To reduce uncertainty and to inform their thinking, team members often raise questions they believe would add value to the decision-making and strategic planning process. They advocate that the team should invest the time, energy and resources to take a deep dive to generate an answer to an important question.
Some examples:
- “What are our competitors doing about this issue?”
- “What is the organization ‘s view on the decision?”
- “Can we influence regulations surrounding our choice?”
- “What does a financial analysis reveal about the risks involved?”
- “What would a pilot or test expose about the flaws in our thinking?”
Curious team members ask a lot of good questions: Questions for insight, questions for guidance, questions for exploration, questions for understanding. Good leaders do their best to answer them or direct energy and resources to have others find a quality answer. But this can significantly slow down the decision process and add unnecessary complexity.
Good leaders know that not all questions deserve the investment it takes to create a quality response. Some questions, as interesting as they might be, must be ignored. The criterion for making this call is straightforward. Questions worth the investment to answer will change what we do.
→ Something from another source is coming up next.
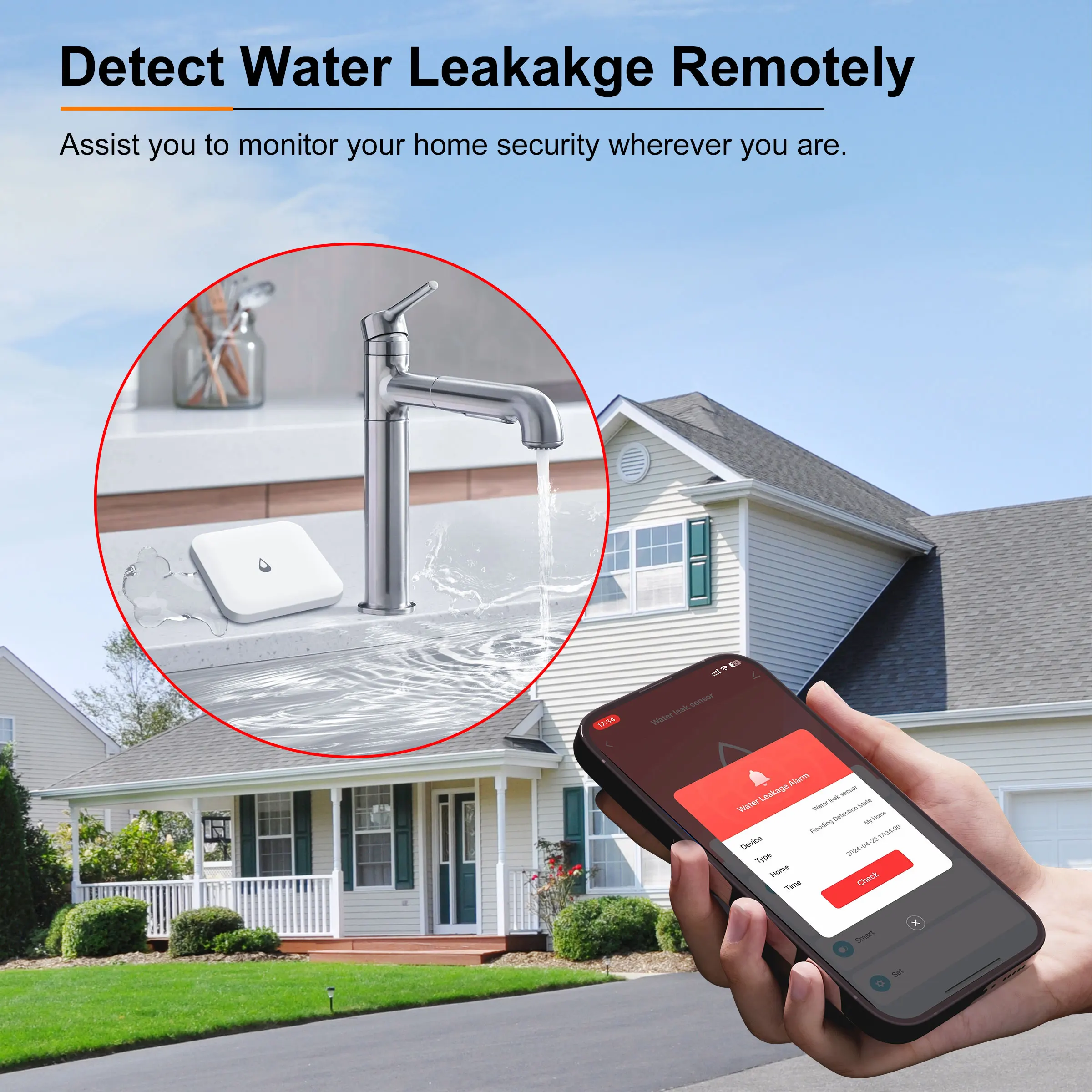 GIRIER Tuya Smart ZigBee Water Leak Detector Wireless Water Leakage Sensor for Home Overflow Monitoring Work with Home Assistant water leak sensor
Before investing in answering a question, good leaders ask, “So What?”
Once we have the answer, will it change our approach or choice? When they know it won’t, they skip passed the inquiry and direct their attention toward data and information that has a direct impact on what will be decided.
In far too many cases, team members raise questions that when answered will make no difference in action or choice. Such “academic“ questions waste time and resources.
The rule is simple: If knowing the answer to any inquiry won’t alter the decision, modify the approach, or shift behavior—however intellectually stimulating it might be—then it needs to be ignored.
Good leaders ask, “So What?” to every question raised, finding an answer to those that matter and placing the rest in the Wouldn’t-It-Be-Nice-To-Know pile. They accept that there is always more information and insight that would be intellectually satisfying to understand. But they value the time of those involved and the speed to decisions much more.
How many “academic” questions does your team raise and answer? Stop wasting time with inquiry that doesn’t really matter. Decision speed depends on it.